[WORK REQUIRED]: Copy verbatim the block of lines in the entries below whose first line contains "IPHO-02A サクサ SAXA" and whose last line contains "Slipcover for your Lira Luxe Loveseat *". Leave out all other lines.

[WORKING DATA]:
"""

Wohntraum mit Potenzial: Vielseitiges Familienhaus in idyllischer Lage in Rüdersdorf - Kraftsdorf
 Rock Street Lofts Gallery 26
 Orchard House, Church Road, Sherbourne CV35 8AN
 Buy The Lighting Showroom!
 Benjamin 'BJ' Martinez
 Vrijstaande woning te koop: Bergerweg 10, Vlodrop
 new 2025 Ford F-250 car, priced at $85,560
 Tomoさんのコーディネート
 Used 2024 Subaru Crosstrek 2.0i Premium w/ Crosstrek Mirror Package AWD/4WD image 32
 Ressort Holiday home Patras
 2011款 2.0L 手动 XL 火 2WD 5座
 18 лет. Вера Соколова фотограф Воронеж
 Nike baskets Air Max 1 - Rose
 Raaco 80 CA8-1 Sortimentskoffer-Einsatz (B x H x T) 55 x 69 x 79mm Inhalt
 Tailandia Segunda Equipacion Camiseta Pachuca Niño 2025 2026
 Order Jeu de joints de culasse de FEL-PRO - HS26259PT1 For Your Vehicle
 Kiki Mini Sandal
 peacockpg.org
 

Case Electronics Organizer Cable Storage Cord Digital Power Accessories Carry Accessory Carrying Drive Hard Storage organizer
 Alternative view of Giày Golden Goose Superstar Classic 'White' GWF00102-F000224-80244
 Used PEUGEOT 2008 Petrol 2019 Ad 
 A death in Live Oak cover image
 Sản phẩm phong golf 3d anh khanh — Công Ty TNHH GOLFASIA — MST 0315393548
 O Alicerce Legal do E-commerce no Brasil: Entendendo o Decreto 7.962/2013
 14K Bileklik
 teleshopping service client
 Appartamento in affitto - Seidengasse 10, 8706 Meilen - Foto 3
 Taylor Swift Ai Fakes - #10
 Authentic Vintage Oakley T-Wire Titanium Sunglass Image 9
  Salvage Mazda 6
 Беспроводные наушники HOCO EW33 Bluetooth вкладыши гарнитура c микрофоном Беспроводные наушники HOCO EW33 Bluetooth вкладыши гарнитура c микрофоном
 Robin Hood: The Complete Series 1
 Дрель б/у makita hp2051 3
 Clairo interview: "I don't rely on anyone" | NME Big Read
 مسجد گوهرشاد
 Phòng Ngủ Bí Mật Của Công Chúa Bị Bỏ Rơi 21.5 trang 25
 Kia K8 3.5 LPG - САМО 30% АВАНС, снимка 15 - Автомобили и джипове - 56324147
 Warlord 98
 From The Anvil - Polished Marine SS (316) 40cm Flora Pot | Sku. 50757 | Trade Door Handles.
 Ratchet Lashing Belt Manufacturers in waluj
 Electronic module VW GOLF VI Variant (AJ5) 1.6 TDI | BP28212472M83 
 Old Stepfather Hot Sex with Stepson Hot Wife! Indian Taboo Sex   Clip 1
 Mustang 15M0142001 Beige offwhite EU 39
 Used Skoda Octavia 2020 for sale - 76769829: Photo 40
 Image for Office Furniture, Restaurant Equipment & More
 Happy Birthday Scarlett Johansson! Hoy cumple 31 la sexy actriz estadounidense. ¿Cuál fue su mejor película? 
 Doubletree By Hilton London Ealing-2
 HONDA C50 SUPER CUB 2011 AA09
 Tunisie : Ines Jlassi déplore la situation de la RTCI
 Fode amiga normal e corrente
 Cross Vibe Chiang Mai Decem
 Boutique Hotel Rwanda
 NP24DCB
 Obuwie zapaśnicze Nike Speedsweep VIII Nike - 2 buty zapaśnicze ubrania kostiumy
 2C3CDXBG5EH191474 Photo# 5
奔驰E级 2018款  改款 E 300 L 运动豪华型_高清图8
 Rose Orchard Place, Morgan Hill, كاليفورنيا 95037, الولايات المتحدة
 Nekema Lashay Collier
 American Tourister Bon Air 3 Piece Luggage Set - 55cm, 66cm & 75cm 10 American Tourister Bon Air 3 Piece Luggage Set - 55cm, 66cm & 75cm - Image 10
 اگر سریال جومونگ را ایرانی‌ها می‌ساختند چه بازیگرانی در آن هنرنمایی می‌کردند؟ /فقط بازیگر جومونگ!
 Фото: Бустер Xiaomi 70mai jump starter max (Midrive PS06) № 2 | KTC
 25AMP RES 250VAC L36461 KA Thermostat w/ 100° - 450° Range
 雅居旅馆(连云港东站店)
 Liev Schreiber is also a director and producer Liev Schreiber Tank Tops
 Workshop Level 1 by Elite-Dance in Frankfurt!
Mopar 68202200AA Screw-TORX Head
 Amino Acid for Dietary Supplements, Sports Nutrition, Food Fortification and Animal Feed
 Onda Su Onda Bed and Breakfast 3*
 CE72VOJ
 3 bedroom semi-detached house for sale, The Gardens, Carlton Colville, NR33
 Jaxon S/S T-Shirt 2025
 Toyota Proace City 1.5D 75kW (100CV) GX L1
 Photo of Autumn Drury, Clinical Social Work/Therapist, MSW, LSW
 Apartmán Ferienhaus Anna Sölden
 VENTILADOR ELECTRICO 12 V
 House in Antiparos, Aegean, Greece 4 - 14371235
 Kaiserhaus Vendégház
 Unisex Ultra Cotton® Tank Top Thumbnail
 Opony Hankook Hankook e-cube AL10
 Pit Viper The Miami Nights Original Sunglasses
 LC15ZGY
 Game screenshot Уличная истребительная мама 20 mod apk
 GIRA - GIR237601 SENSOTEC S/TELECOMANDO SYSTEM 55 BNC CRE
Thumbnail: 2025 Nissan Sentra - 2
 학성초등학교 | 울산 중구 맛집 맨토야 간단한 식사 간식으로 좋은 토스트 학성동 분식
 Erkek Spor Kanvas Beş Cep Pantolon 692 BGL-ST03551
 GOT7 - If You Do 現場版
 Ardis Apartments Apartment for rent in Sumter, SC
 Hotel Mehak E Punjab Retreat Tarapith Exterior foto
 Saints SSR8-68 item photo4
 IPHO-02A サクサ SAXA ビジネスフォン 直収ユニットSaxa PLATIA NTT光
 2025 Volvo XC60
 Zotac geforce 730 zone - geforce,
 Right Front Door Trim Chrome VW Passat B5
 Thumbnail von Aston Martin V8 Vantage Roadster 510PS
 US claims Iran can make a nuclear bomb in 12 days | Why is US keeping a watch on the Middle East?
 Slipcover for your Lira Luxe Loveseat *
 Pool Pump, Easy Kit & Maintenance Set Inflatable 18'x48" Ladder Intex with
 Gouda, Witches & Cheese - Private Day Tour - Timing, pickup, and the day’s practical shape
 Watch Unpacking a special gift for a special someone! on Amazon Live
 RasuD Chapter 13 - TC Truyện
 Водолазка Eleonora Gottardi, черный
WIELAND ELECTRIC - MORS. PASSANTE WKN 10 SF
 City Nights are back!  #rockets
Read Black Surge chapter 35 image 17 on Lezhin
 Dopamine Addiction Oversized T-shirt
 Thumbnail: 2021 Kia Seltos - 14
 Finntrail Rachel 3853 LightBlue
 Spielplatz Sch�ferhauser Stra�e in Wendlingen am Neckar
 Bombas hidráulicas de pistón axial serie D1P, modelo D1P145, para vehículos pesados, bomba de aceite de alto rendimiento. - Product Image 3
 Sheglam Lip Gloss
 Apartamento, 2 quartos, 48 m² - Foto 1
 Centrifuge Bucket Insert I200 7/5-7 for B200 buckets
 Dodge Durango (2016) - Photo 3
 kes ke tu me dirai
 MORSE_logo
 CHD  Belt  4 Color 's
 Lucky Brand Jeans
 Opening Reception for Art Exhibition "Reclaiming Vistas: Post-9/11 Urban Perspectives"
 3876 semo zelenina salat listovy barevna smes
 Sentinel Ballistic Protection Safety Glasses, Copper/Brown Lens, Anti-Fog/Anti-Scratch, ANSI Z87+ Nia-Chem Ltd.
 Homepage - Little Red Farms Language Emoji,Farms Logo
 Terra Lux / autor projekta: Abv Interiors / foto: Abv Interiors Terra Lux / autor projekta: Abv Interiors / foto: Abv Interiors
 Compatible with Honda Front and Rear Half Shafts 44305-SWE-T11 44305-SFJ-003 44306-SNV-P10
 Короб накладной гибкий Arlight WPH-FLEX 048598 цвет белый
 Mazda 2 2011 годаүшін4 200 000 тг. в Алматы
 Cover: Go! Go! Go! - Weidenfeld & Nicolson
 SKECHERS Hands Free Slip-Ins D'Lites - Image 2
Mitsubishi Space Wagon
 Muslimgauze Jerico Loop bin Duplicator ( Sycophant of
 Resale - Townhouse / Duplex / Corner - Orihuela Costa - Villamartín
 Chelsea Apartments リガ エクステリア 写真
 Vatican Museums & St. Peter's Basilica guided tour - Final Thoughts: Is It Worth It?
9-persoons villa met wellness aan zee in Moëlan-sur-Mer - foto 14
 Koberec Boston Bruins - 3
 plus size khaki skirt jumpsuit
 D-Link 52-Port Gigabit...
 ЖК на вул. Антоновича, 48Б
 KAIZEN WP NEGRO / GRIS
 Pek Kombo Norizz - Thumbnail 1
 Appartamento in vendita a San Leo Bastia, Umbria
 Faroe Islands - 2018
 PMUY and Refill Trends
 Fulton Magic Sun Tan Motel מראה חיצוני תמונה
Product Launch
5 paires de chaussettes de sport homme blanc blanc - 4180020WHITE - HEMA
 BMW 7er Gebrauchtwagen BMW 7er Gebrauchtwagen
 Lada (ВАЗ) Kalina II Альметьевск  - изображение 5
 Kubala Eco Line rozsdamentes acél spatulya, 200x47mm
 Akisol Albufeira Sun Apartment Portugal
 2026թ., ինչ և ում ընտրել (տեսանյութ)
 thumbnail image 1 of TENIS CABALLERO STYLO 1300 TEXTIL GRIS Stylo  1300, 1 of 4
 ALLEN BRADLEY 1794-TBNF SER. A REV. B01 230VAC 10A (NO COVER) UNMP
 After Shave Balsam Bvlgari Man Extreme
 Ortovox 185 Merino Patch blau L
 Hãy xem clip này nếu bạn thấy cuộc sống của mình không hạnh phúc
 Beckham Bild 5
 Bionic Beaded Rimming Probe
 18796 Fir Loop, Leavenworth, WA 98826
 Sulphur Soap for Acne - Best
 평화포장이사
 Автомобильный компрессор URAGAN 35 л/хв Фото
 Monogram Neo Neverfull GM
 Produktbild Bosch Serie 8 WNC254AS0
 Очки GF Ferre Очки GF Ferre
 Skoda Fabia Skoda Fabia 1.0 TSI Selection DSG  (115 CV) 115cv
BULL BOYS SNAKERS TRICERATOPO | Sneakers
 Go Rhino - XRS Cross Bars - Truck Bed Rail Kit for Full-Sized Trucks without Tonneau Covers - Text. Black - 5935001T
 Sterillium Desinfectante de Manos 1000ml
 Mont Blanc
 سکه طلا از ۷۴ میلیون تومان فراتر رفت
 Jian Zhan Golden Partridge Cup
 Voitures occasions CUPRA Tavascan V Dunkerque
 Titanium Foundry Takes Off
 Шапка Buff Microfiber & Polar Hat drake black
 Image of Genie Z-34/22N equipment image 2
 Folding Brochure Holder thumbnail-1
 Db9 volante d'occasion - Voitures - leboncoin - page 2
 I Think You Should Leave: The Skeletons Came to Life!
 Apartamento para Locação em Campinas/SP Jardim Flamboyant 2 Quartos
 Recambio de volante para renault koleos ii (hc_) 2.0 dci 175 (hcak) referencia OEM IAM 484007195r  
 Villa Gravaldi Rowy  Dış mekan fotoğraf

"""

[RESULT FOR THIS TASK]:
 IPHO-02A サクサ SAXA ビジネスフォン 直収ユニットSaxa PLATIA NTT光
 2025 Volvo XC60
 Zotac geforce 730 zone - geforce,
 Right Front Door Trim Chrome VW Passat B5
 Thumbnail von Aston Martin V8 Vantage Roadster 510PS
 US claims Iran can make a nuclear bomb in 12 days | Why is US keeping a watch on the Middle East?
 Slipcover for your Lira Luxe Loveseat *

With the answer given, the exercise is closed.